Breitet sich Antisemitismus zunehmend in Deutschland und damit auch in Bremen aus? Der Präsident des Jüdischen Weltkongresses, Ronald S. Lauder, kommentierte die Studie: Es sei an der Zeit, dass die gesamte deutsche Gesellschaft Position beziehe und Antisemitismus frontal bekämpfe.
Erfolgreiche Stadtführung
Flagge zeigen, etwas tun, das dachten sich die drei Geschichtsstudentinnen Franziska Nobis, Julia Chapiro und Clara Hafner. Sie besuchen das Seminar zu Neuerer Jüdischer Geschichte bei Professorin Magdalena Waligorska-Huhle. Statt einer Hausarbeit konzipierten sie unter Nutzung von Archiven, letzten Zeitzeugen und Bremer Quellen eine dreistündige Stadtführung. Anlässlich der Deportation von 440 Bremer Juden ins Ghetto Minsk vor 78 Jahren setzten sie die Stadtführung Mitte November 2019 auch um. „Wir wollten bewusst in die Öffentlichkeit gehen. Es kamen so viele Anmeldungen, dass wir einigen Interessenten absagen mussten“, erzählt Franziska Nobis, die im dritten Semester ihres Bachelors ist.

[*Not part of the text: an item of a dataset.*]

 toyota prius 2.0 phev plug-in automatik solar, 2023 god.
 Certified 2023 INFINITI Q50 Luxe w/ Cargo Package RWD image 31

Die drei engagierten Frauen führten zum Mahnmal, zur ehemaligen Synagoge im Schnoor, zum Alten Polizeihaus, wo sie die Unterstützung der Bremer Polizei bei der Judenverfolgung ansprachen, und zu Stolpersteinen. „Wegen der guten Resonanz überlegen wir, ob wir die Aktion wiederholen“, sagt ihre Kommilitonin Julia Chapiro.

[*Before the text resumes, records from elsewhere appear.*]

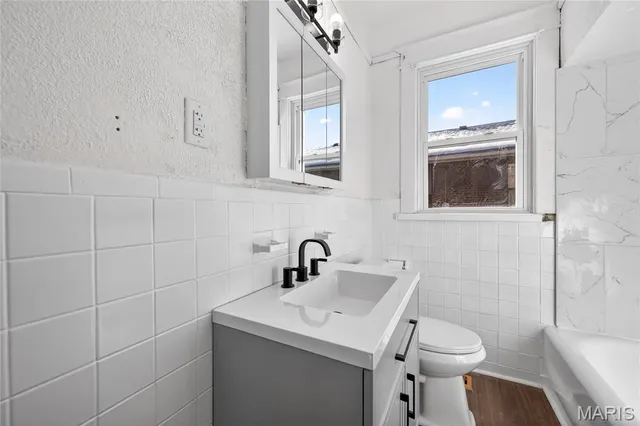 $275,000 | 2212 Charlack Avenue, St. Louis, MO 63114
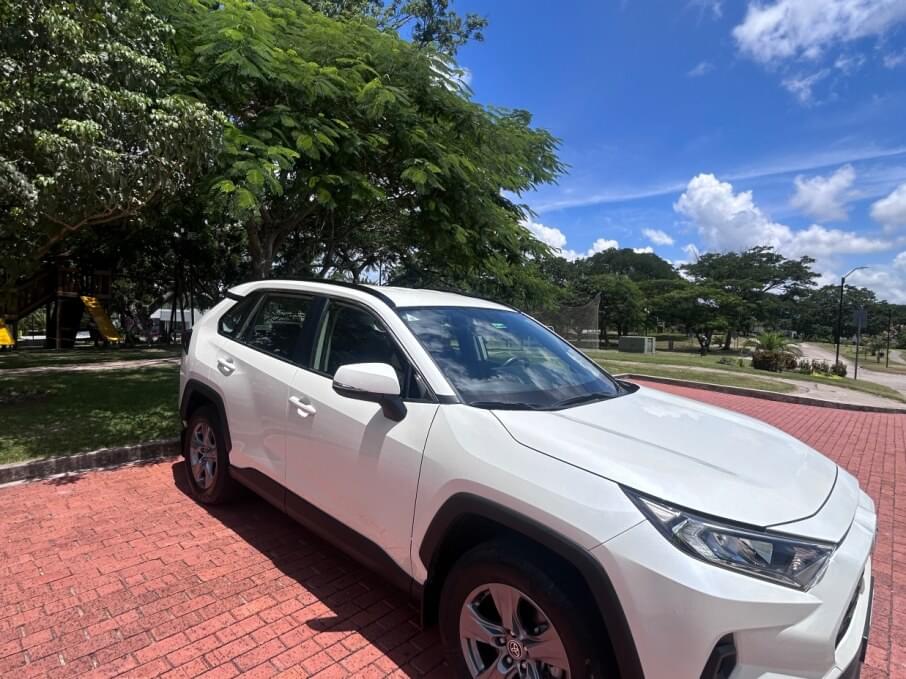 TOYOTA RAV4 2023 9.000 Kms.
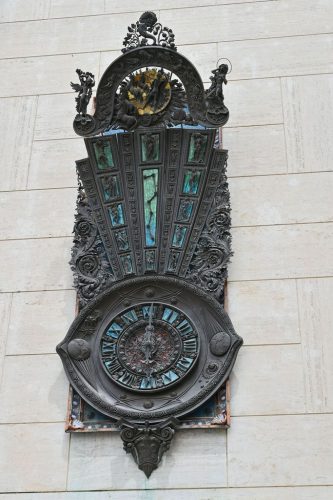 164
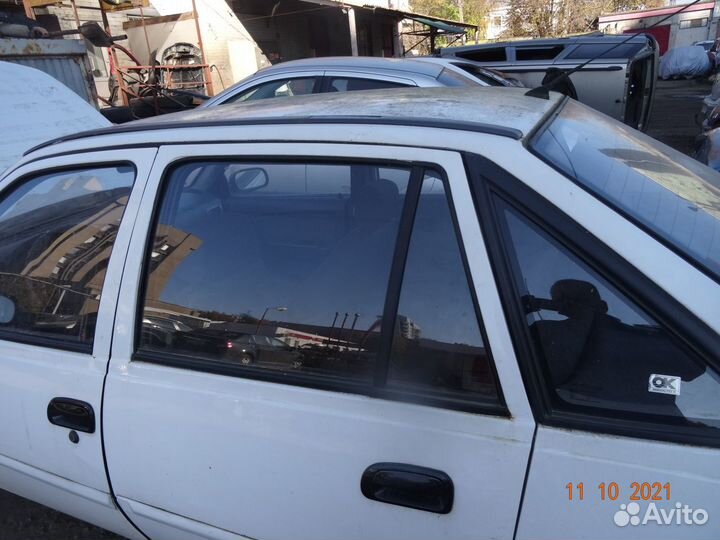 Daewoo nexia - стёкла кузовные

Wachsender Antisemitismus ist für die Geschichtsstudentinnen ein aktuelles Thema. „Die Gesellschaft ist in einem großen Umschwung, da entsteht Unsicherheit“, erläutert sie. So entwickele sich ein „Sündenbockdenken“ als psychologische Antwort auf Verunsicherung. Franziska Nobis weist ausdrücklich auf die Rolle sozialer Medien hin. „Fake News, rassistische Anmerkungen, Hetze tauchen bei dieser schnelllebigen Kultur auf und rutschen so durch. Mehr als 30 Sekunden zu lesen ist ein zu hoher Aufwand“, sagt sie. Da bliebe irgendwas ungenau hängen. Professorin Waligorska-Huhle, die Geschichte und Kultur Ostmitteleuropas lehrt, gibt zu bedenken: „Für die vierte Generation nach Kriegsende ist der Holocaust ganz weit entfernt, und die Zeitzeugen sterben aus.“
Große Unterstützung für Lichterkette
Der Anschlag von Halle hat auch an der Bremer Universität für Erschütterung gesorgt. Neben ihrer Stadtführung haben die Studentinnen Bürgerinnen und Bürger zu einer Lichterkette aufgerufen. Unterstützung bekamen sie von der Jüdischen Gemeinde an der Schwachhauser Heerstraße und der Regionalgruppe Bremen der Aktion Sühnezeichen Friedensdienste. „Es war für uns ein voller Erfolg, 80 Menschen sind gekommen“, berichtet Julia Chapiro stolz.
Positive Neugierde auf Israel wecken
Till Schmidt hat an der Universität Bremen Politik- und Kulturwissenschaften studiert. Seit zweieinhalb Jahren engagiert sich der 30-Jährige in der Deutsch-Israelischen Gesellschaft und hat an der Weser das Junge Forum mitgegründet, die Jugendorganisation der Gesellschaft. Er will „positive Neugierde“ auf das Land wecken. „Antisemitismus ist nicht nur ein Problem der Ränder, er ist auch stark in der Mitte der Gesellschaft vorhanden“, kritisiert er. Die Betroffenen hätten Angst. „Ein Freund von mir trägt Kippa, zieht aber zur Tarnung eine Mütze darüber, wenn er in der Öffentlichkeit unterwegs ist.“
Schmidt stellt mit seinen Mitstreiterinnen und Mitstreitern pro Semester bis zu sieben Veranstaltungen auf die Beine. Häufig Diskussionen zu politischen Themen, aber auch regelmäßig israelische Kochkurse sind dabei. Bis zu 120 Leute besuchen die Diskussionen. Ein Beispiel vom 6. April 2020: „Flucht und Vertreibung der Juden aus den arabischen Staaten, der Türkei und dem Iran“; Vortrag und Diskussion mit dem Publizisten Stephan Grigat. „Wir müssen die Betroffenenperspektive ernst nehmen“, ist die feste Überzeugung des engagierten jungen Bremers.